Não existe qualquer separação; tudo se encontra no movimento do meditar. A flor é a forma, o aroma, a cor e a beleza que é o seu todo. Se a despedaçarmos, de facto ou por palavras, então deixa de existir a flor, fica apenas uma lembrança do que era, o que nunca é a flor. A meditação é a flor inteira na sua beleza, a murchar e a viver.

Meditar é libertarmo-nos do pensamento; é um movimento no êxtase da verdade.

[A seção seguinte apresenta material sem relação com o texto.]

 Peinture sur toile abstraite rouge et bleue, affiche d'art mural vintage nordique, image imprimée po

(...) Meditar é transcender o tempo. O tempo (psicológico) é a distância que o pensamento percorre na sua busca de sucesso pessoal. A viagem é assim sempre ao longo do velho caminho, revestido de uma nova aparência, novas paisagens, mas sempre a mesma estrada, que não conduz a lado nenhum - excepto à dor e à infelicidade.

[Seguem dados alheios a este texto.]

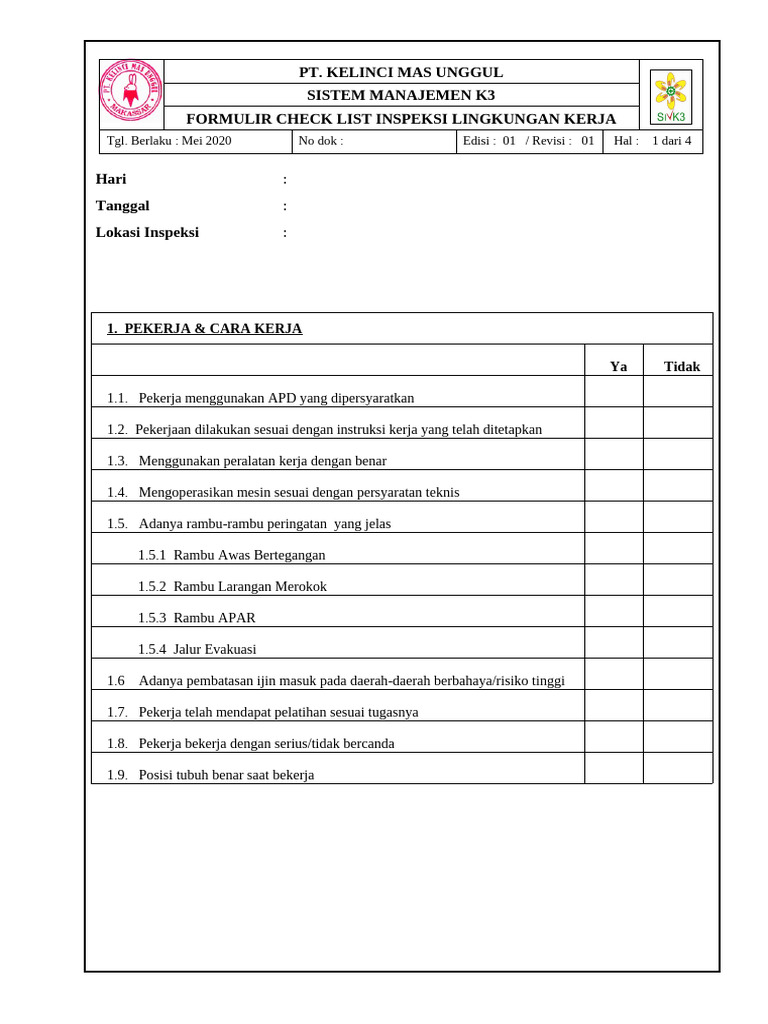 Formulir Check List Inspeksi | PDF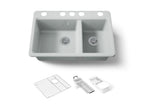 KOHLER K-8669-5UA3-95 Riverby 33" Undermount Double-Bowl Workstation Kitchen Sink - Ice Grey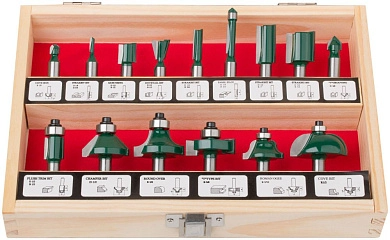 Фрезы по дереву кромочные, набор 15 шт., деревянный бокс, хвостовик 8 мм (F_36579) FIT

Só quando a mente transcende o tempo é que a verdade deixa de ser uma abstracção. Então, a felicidade profunda não é uma ideia derivada do prazer mas uma realidade não verbal.

Esvaziar a mente do tempo é o silêncio da verdade, e assim ver é agir; portanto não existe nenhuma divisão entre o ver e o agir. É no intervalo entre ver e agir que nascem o conflito, a infelicidade e a confusão. Aquilo que está fora do tempo é eterno.

A meditação é um estado da mente que olha tudo com completa atenção, não fragmentariamente, mas de maneira total.










Meditar é destruir a «segurança», e há grande beleza na meditação, não a beleza das coisas produzidas pelo homem ou pela natureza; é a beleza do silêncio. Este silêncio é o vazio no qual, e a partir do qual, todas as coisas fluem e têm a sua existência. Não pode ser conhecido; o intelecto e a emotividade não podem chegar até ele; não há caminho para o silêncio e um método para tentar alcançá-lo é invenção de um cérebro ambicioso. Todos os caminhos e meios de que se serve o «eu» calculista têm de ser completamente destruídos; todo o movimento para a frente ou para trás, o modo como funciona o tempo, tem de cessar, sem nenhum amanhã. Meditação é «destruição»; é um perigo para aqueles que desejam levar uma vida superficial e uma vida de fantasia e de mito.

A morte a que a meditação dá origem é a imortalidade do novo.

Meditar é algo realmente maravilhoso, quando acontece. Posso falar sobre a meditação, mas a descrição não é o que é descrito. Cabe a cada um de nós aprender tudo isto, olhando para nós próprios - nenhum livro, nenhum professor pode ensinar-nos. Assim, não dependamos de ninguém, não nos juntemos a organizações «espirituais»; temos de aprender tudo isto a partir de nós mesmos. E então a mente descobrirá coisas inacreditáveis. Mas para tal, não pode haver fragmentação e por isso tem de haver imensa estabilidade, percepção rápida e flexibilidade. Para uma mente assim não há tempo e o viver tem, portanto, um sentido completamente diferente (in J. Krishnamurti, Meditações, Editorial Presença, 1999).